Dataset items
# # # # # # #

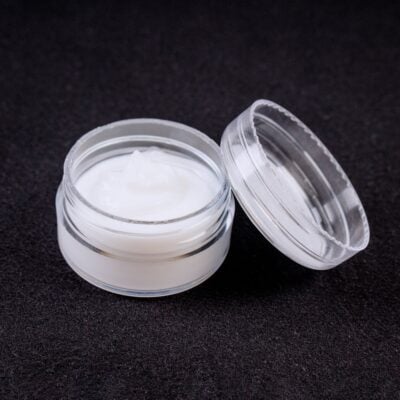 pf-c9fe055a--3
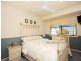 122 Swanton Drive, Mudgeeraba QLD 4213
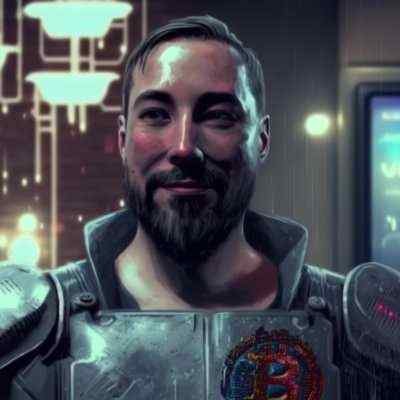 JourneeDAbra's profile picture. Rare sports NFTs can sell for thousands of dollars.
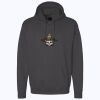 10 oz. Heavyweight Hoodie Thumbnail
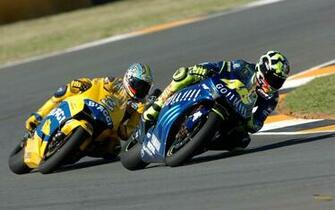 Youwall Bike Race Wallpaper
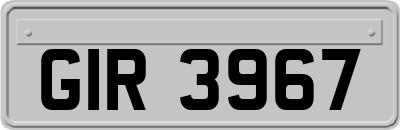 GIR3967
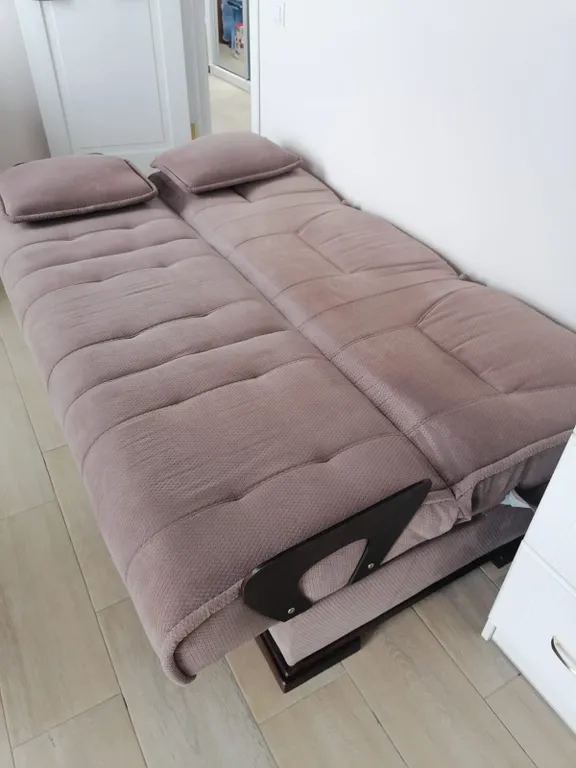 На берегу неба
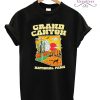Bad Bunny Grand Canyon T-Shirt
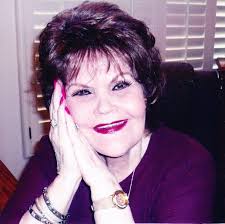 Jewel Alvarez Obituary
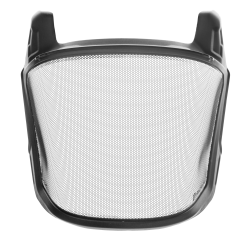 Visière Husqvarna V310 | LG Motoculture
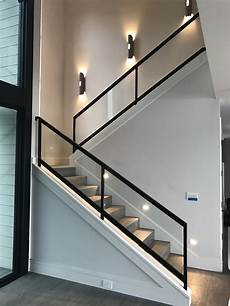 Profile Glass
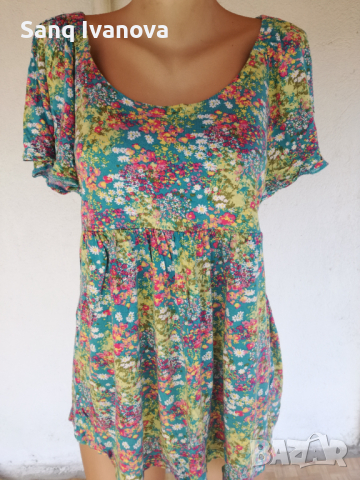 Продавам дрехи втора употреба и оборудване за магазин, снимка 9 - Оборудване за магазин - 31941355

# # # # # # #

Assignment:
Transcribe all the records above word for word, without their images.

Task answer:
 pf-c9fe055a--3
 122 Swanton Drive, Mudgeeraba QLD 4213
 JourneeDAbra's profile picture. Rare sports NFTs can sell for thousands of dollars.
 10 oz. Heavyweight Hoodie Thumbnail
 Youwall Bike Race Wallpaper
 GIR3967
 На берегу неба
Bad Bunny Grand Canyon T-Shirt
 Jewel Alvarez Obituary
 Visière Husqvarna V310 | LG Motoculture
 Profile Glass
 Продавам дрехи втора употреба и оборудване за магазин, снимка 9 - Оборудване за магазин - 31941355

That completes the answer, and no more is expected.